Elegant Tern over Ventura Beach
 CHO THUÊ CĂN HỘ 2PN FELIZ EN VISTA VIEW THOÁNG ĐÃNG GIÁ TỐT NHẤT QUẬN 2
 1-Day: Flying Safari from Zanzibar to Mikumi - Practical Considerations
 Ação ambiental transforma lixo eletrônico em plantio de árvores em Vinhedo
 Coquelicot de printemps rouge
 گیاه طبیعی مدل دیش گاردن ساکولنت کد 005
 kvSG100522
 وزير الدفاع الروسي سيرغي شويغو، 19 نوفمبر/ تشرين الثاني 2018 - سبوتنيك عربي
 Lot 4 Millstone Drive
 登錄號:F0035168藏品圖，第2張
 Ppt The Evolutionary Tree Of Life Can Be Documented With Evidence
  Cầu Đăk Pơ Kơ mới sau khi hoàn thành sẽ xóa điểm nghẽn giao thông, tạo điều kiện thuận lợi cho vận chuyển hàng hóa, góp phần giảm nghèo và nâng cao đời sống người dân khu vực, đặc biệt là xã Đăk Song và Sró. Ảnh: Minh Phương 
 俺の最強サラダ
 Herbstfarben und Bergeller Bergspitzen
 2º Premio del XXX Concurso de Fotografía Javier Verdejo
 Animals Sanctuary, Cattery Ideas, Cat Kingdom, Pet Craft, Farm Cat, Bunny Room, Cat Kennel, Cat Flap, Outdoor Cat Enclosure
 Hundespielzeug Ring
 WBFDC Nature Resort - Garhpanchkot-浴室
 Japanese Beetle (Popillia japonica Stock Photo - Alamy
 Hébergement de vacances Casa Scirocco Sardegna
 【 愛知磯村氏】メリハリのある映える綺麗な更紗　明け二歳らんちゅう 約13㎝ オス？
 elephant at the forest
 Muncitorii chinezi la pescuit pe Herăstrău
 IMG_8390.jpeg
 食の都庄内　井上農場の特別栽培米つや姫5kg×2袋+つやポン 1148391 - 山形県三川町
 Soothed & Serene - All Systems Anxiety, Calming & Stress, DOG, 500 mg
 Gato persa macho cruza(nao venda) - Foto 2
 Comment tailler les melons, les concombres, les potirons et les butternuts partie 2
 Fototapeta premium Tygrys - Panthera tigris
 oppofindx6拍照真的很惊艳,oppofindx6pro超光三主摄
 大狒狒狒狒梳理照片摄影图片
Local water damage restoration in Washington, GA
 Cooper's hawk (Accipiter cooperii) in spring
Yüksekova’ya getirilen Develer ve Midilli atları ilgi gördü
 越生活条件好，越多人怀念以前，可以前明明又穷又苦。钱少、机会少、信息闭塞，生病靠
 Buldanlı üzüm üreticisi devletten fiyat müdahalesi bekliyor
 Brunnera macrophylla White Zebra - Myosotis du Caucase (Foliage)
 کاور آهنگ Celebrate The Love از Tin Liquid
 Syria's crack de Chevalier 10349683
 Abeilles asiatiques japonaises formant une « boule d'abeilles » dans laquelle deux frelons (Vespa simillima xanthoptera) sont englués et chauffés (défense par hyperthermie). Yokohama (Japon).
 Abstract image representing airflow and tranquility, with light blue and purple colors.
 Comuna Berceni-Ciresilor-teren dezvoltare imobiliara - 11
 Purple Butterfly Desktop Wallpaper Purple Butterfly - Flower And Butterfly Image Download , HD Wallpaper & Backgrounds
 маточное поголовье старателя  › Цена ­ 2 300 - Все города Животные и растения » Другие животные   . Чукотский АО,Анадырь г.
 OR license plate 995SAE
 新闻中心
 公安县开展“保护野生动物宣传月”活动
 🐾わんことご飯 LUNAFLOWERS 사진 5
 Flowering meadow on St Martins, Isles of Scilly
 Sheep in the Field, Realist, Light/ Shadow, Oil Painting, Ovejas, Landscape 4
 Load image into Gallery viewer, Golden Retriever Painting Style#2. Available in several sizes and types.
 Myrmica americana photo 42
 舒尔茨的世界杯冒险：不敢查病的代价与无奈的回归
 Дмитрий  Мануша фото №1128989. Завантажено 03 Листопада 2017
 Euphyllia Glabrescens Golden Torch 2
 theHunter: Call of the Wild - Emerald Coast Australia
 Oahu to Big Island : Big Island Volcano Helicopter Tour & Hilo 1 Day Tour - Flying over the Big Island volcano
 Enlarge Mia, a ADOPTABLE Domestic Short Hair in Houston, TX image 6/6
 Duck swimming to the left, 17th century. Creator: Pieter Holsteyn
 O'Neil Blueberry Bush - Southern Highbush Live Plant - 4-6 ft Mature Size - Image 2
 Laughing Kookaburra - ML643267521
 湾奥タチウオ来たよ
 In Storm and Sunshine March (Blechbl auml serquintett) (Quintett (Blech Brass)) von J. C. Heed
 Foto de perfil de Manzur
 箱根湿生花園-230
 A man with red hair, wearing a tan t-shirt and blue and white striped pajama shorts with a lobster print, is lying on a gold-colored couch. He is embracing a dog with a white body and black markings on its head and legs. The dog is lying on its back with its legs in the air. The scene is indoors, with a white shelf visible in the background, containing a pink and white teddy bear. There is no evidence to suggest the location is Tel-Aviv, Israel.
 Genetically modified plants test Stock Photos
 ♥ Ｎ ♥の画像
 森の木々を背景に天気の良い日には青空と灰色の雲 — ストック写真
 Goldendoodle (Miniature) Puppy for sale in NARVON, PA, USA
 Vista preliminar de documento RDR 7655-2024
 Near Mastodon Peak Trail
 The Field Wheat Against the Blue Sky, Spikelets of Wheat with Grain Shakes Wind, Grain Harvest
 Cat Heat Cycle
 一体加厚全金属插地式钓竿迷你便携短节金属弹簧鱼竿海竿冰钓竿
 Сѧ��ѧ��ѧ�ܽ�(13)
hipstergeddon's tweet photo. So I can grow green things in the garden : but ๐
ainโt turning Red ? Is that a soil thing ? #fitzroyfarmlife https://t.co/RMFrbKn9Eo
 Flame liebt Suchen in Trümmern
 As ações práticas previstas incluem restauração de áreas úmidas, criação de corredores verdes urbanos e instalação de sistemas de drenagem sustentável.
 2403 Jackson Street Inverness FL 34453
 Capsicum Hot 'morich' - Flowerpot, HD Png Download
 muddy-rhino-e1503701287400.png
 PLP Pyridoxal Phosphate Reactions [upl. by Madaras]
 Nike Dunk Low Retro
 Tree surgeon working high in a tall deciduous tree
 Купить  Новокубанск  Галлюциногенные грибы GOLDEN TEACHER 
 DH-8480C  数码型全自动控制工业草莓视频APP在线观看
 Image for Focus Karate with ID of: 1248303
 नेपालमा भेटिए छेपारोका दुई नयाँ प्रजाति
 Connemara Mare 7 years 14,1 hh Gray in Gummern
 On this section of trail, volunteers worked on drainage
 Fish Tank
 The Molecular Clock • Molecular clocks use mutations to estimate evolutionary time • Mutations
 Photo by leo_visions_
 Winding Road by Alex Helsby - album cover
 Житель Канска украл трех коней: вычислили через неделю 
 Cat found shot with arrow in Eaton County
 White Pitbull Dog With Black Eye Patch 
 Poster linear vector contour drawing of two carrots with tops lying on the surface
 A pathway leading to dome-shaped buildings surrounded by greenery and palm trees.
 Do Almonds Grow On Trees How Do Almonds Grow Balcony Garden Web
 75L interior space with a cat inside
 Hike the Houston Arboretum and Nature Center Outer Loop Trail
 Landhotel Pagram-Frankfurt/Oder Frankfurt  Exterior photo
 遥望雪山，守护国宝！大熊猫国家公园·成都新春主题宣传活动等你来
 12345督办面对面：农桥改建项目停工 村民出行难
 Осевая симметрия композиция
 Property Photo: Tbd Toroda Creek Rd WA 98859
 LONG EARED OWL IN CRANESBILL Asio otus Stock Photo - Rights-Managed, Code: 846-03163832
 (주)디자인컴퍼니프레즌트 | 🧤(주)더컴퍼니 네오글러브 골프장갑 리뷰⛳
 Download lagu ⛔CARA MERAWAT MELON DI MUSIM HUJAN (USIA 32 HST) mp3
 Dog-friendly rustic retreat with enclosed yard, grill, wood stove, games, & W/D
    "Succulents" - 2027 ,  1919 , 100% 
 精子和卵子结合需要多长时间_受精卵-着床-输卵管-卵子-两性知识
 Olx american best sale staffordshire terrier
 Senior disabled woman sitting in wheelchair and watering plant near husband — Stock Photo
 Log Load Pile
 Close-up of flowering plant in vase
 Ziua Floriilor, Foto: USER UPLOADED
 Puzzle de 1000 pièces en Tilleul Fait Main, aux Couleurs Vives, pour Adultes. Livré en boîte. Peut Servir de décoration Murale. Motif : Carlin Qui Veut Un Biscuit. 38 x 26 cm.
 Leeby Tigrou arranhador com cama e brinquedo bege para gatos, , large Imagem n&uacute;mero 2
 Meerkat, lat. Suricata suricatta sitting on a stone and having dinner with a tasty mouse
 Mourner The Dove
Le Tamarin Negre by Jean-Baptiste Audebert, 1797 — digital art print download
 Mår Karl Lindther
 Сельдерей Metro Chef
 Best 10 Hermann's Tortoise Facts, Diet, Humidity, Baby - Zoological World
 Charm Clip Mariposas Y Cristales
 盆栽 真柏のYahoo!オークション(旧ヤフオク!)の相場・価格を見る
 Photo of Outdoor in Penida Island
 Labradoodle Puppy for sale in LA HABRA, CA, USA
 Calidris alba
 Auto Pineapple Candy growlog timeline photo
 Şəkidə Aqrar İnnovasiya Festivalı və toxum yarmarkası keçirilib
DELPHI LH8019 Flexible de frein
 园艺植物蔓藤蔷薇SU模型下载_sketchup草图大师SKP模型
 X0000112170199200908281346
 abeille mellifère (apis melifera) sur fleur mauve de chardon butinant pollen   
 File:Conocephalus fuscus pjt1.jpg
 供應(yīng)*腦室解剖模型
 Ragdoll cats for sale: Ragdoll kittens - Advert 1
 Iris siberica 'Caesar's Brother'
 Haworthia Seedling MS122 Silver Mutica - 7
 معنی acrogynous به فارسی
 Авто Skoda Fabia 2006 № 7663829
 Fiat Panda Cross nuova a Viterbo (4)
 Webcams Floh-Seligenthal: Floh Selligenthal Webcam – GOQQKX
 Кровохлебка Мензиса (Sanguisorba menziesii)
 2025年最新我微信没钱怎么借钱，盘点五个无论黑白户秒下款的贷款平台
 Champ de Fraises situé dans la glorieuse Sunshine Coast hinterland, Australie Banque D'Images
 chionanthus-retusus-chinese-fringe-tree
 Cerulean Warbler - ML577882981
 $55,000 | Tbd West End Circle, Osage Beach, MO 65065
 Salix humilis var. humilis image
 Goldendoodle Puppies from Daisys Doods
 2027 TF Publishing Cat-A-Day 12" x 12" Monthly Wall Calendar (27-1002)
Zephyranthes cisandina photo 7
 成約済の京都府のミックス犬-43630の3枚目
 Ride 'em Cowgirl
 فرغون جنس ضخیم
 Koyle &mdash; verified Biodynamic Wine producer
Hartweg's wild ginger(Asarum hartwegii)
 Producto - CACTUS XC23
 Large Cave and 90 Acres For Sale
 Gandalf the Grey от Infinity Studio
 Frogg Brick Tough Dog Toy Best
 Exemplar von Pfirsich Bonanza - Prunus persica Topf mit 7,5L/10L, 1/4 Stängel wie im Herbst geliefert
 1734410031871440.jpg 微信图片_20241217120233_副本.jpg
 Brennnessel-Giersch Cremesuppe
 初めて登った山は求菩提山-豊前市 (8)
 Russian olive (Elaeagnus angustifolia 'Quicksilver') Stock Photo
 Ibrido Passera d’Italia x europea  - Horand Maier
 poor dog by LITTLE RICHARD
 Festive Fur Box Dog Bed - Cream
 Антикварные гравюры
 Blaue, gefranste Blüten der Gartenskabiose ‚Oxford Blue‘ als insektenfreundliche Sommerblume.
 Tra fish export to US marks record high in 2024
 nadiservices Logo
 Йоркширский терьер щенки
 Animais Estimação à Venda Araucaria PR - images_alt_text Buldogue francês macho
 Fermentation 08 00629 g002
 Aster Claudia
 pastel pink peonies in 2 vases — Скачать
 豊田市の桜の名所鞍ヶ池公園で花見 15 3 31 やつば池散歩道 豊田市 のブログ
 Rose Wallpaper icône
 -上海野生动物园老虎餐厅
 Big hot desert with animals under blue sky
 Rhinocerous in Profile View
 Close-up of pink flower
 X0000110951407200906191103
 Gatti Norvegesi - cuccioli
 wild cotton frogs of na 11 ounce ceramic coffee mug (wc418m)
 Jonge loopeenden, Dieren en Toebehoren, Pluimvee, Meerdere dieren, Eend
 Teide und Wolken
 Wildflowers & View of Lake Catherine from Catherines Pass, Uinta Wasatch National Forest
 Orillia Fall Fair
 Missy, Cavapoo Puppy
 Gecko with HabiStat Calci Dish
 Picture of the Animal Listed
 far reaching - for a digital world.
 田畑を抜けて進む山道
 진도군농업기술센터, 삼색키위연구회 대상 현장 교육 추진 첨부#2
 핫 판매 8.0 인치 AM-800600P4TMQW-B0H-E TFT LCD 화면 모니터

────────────────────

Where does the string "Outdoor" occur in the data above? Copy every line that holds it.

 Animals Sanctuary, Cattery Ideas, Cat Kingdom, Pet Craft, Farm Cat, Bunny Room, Cat Kennel, Cat Flap, Outdoor Cat Enclosure
 Photo of Outdoor in Penida Island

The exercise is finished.